_Your goal_
For the material below, output exactly the span from the line with "Leopard Phone Case" to the line with "LED Verlichting 320", including both, and nothing besides.

_Source data_
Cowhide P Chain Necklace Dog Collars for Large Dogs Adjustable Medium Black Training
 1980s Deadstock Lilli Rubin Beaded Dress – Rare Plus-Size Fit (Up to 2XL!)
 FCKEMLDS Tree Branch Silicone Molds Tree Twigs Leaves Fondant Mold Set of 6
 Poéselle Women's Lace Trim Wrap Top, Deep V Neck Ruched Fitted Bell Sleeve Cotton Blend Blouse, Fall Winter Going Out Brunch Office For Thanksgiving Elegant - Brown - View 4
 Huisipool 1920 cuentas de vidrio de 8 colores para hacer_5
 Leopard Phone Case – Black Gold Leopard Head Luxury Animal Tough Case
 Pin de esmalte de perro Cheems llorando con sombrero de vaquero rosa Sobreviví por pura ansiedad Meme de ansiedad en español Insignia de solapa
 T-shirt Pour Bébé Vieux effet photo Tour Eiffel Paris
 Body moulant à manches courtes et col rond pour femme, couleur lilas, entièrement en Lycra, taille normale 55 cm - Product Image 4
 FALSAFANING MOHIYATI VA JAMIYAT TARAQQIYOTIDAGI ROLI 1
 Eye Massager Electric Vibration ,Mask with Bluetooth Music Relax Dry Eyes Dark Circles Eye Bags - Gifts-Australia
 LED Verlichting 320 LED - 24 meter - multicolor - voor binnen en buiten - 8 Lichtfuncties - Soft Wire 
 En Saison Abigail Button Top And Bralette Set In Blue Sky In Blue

_Response below_
 Leopard Phone Case – Black Gold Leopard Head Luxury Animal Tough Case
 Pin de esmalte de perro Cheems llorando con sombrero de vaquero rosa Sobreviví por pura ansiedad Meme de ansiedad en español Insignia de solapa
 T-shirt Pour Bébé Vieux effet photo Tour Eiffel Paris
 Body moulant à manches courtes et col rond pour femme, couleur lilas, entièrement en Lycra, taille normale 55 cm - Product Image 4
 FALSAFANING MOHIYATI VA JAMIYAT TARAQQIYOTIDAGI ROLI 1
 Eye Massager Electric Vibration ,Mask with Bluetooth Music Relax Dry Eyes Dark Circles Eye Bags - Gifts-Australia
 LED Verlichting 320 LED - 24 meter - multicolor - voor binnen en buiten - 8 Lichtfuncties - Soft Wire 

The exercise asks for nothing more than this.